Extracted entries Start Marker

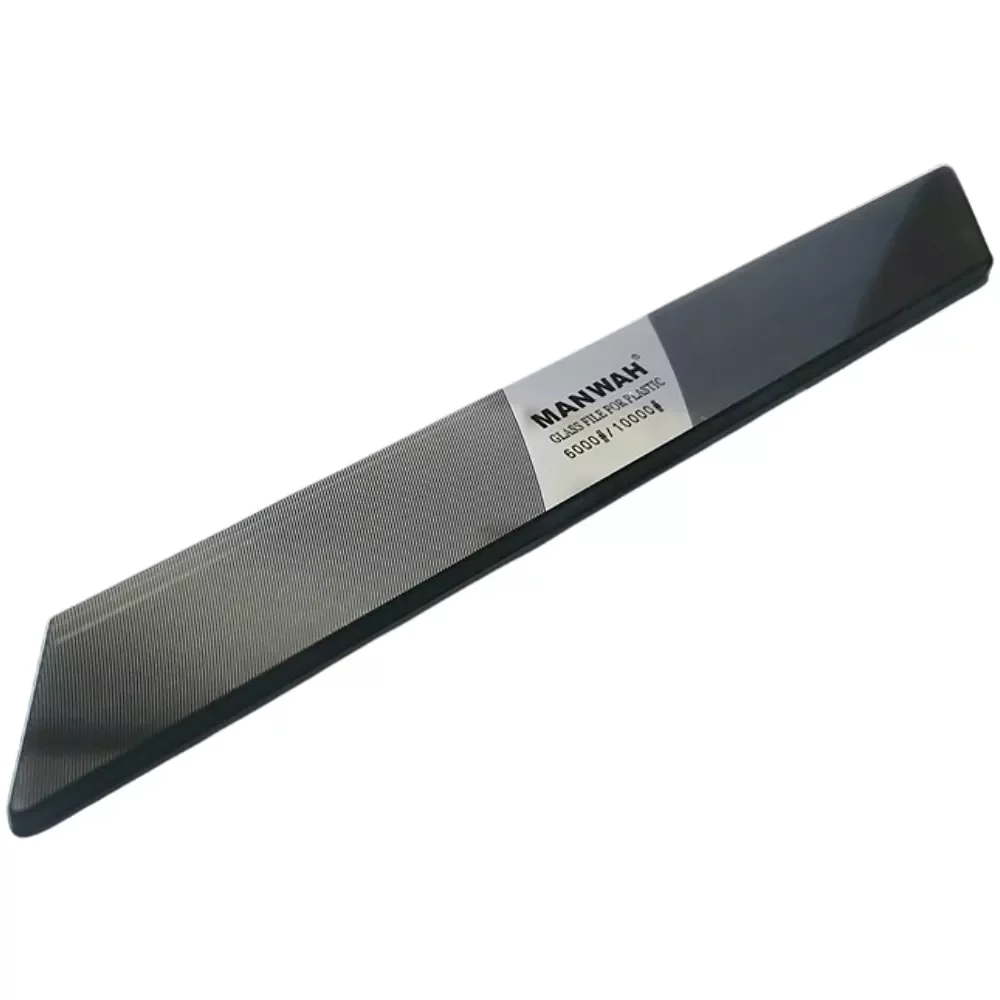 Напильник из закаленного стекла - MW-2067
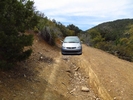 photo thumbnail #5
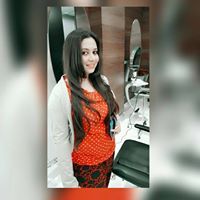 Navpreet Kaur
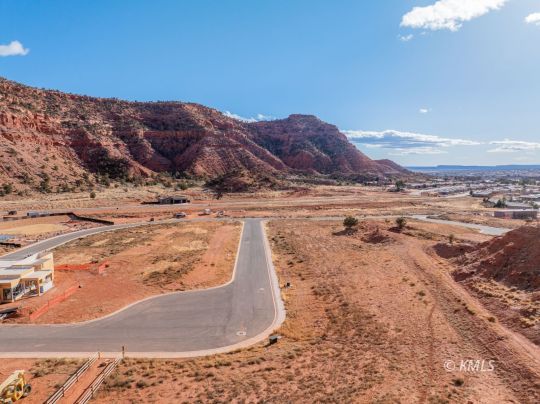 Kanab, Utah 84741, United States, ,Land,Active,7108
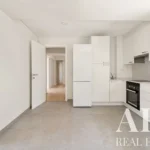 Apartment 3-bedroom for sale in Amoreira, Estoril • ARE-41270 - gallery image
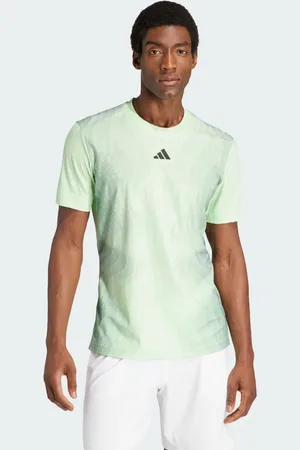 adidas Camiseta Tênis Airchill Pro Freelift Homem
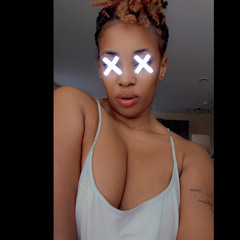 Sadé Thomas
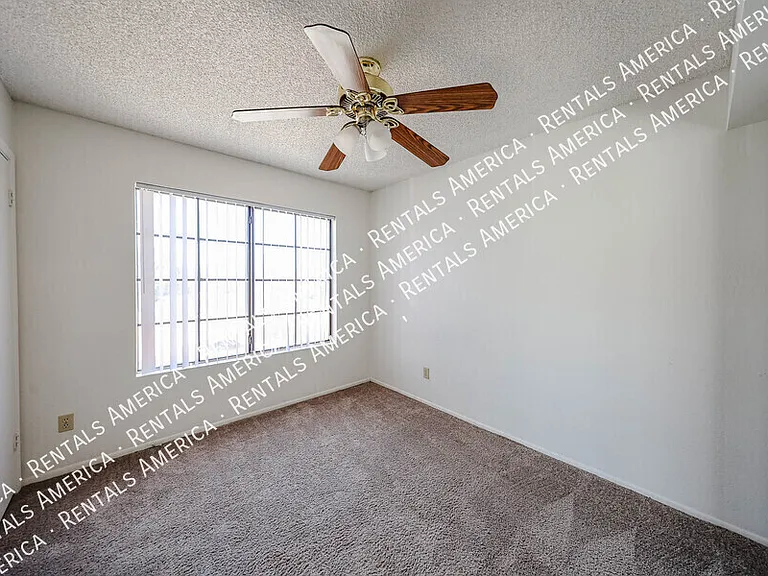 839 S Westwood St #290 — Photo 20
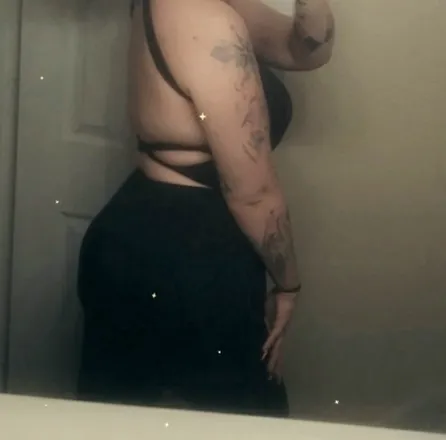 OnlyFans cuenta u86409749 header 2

Extracted entries End Marker

* _Exercise instructions_:
Copy out all the data above exactly, pictures excluded.

* _Response below_:
 Напильник из закаленного стекла - MW-2067
 photo thumbnail #5
 Navpreet Kaur
 Kanab, Utah 84741, United States, ,Land,Active,7108
 Apartment 3-bedroom for sale in Amoreira, Estoril • ARE-41270 - gallery image
 adidas Camiseta Tênis Airchill Pro Freelift Homem
 Sadé Thomas
 839 S Westwood St #290 — Photo 20
 OnlyFans cuenta u86409749 header 2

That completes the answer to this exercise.